Outside the context of a for
loop, it's generally much better to use separate declarations anyway. Shoving a lot of different declarations into a for
loop is arguably a bad idea in most cases. And for the (probably rare) cases where you want a lot of declarations, you can just put them above the loop, something like this:
auto i=std::begin(c), end=std::end(c),
for( x=*i; i!=end; ++i, x+=*i) {
// ...
}
adding another set of {
}
around the whole thing if you want to limit the scope. (In this case, you'd probably want end
to be const
anyway.)
According to the final revision of the accepted proposal for this feature, N1737,a possible multi-declarator auto
implementation is as follows: (from Section 6)

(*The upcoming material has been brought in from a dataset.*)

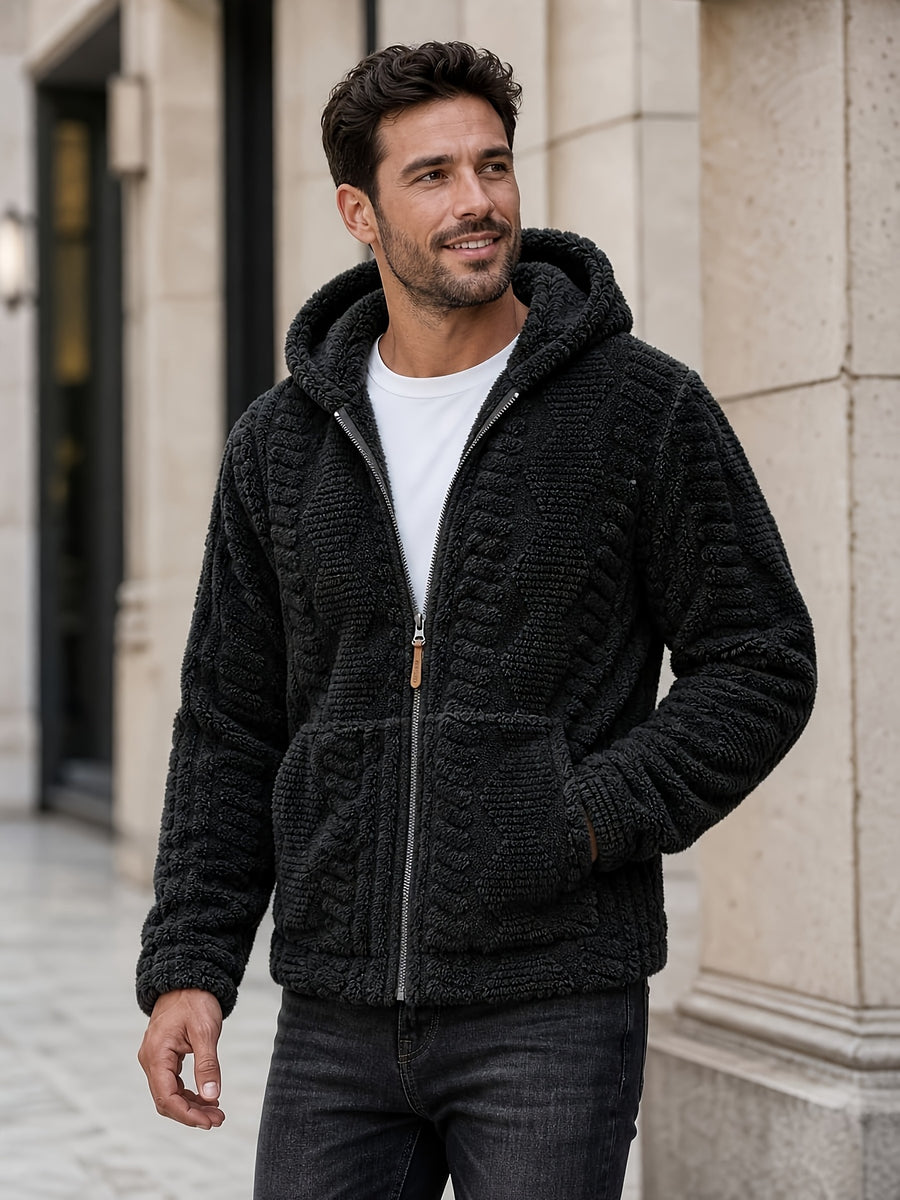 Men'S Plush Fleece Hooded Jacket, Full-Zip Long Sleeve Outerwear with Hand Pockets, Elastic Cuffs And Hem, Solid Color Textured Casual Jacket for Fall/Winter Daily Wear, Travel And Outdoor Activities - Black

We believe it is possible to achieve both consistent form and consistent behavior. We do so by inserting (for purposes of exposition) an intermediate __Deduced_type definition, and applying this type consistently in the as-if expansion:
// Listing 12
typedef int __Deduced_type; // exposition only
__Deduced_type a = 1;
// decltype(a) is int
__Deduced_type b = 3.14; // decltype(b) is int
__Deduced_type * c = new float; // error; decltype(c) would be int *
Not only do we achieve consistency of both form and behavior via such a reconciled formulation, we also address more complicated situations. For example, when the leading declarator includes a ptr-operator:
// Listing 13
auto * a = new int(1), b = 3.14, * c = new float;
our formulation attaches semantics as-if declared:
// Listing 14
typedef int __Deduced_type; // exposition only
__Deduced_type * a = new int(1); // decltype(a) is int *
__Deduced_type b = 3.14; // decltype(b) is int
__Deduced_type * c = new float; // error; decltype(c) would be int *
As shown by this possible implementation, changing the type would be invalid, and as such would cause an error.
This feature was implemented this way because otherwise it would be different than other types of multi-variable declarations.
I remember seeing a discussion about whether or not to allow changing types, but I cannot remember where. IIRC, they decided that it would be harder to implement, but another reason could be that it was dropped because they could not come to a consensus on when to choose different types (the new behavior) or when to implicitly convert to the deduced type of the first declared variable (the old behavior).